Descent of a line bundle from normalisation Let X be an integral quasi projective variety. Let Y be the normalisation. Given a line bundle on Y, does some power of it descends to X?
 A: Posting the comment above as an answer:
The answer is yes for curves and no in higher dimension.
For curves, we have a short exact sequence $$0\to \mathcal{O}_X^*\to \pi_*\mathcal{O}_Y^*\to Q\to 0 $$
where $Q$ is supported in finitely many points. In particular, $H^1(X, Q)=0$. Moreover, $R^1\pi_* \mathcal{O}_Y^* = 0$, and thus
$$ {\rm Pic}\, Y = H^1(Y, \mathcal{O}_Y^*) = H^1(X, \pi_* \mathcal{O}_Y^*). $$
We deduce that $\pi^*:{\rm Pic}\, X\to {\rm Pic}\, Y$ is surjective.
In higher dimension, consider the following example. Let $E$ be an elliptic curve, $x_1, x_2\in E$ two closed points such that the difference $x_1-x_2$ is not a torsion point.

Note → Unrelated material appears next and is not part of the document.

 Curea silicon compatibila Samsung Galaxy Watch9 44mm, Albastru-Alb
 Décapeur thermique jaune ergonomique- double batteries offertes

Let $C$ be the nodal curve $E/x_1\sim x_2$, and set $Y=E\times E$, $X=E\times C$, $\pi:Y\to X$ induced by the projection $E\to C$. Then $\pi$ is the normalization map of $X$. Let $L$ be the Poincare bundle on $Y=E\times E$; by definition, the restriction of $L$ to $E\times \{x\}$ is $\mathcal{O}_E(x-0)$. Suppose that $L^n =\pi^* M$ for some $n>0$ and some line bundle $M$ on $X$. Thus $L^n|_{E\times \{x_1\}}\cong L^n|_{E\times \{x_2\}}$, i.e., $\mathcal{O}_E(nx_1-0)\cong \mathcal{O}_E(nx_2-0)$ (here $nx_i$ means multiplication in the group law on $E$). This contradicts the fact that $x_1-x_2$ is non-torsion.
Of course it is easier to give a non-integral example: take $Y=$ the disjoint union of two copies of $\mathbf{P}^2$, $L$ a line bundle on $Y$
 whose restrictions to the two copies have different degrees. Let $X$
 be obtained from $Y$
 by identifying two lines, one in each $\mathbf{P}^2$. 
 Then $X$
 exists as a quasiprojective variety, $Y$
 is its normalization, and no positive power of $L$
descends to $X$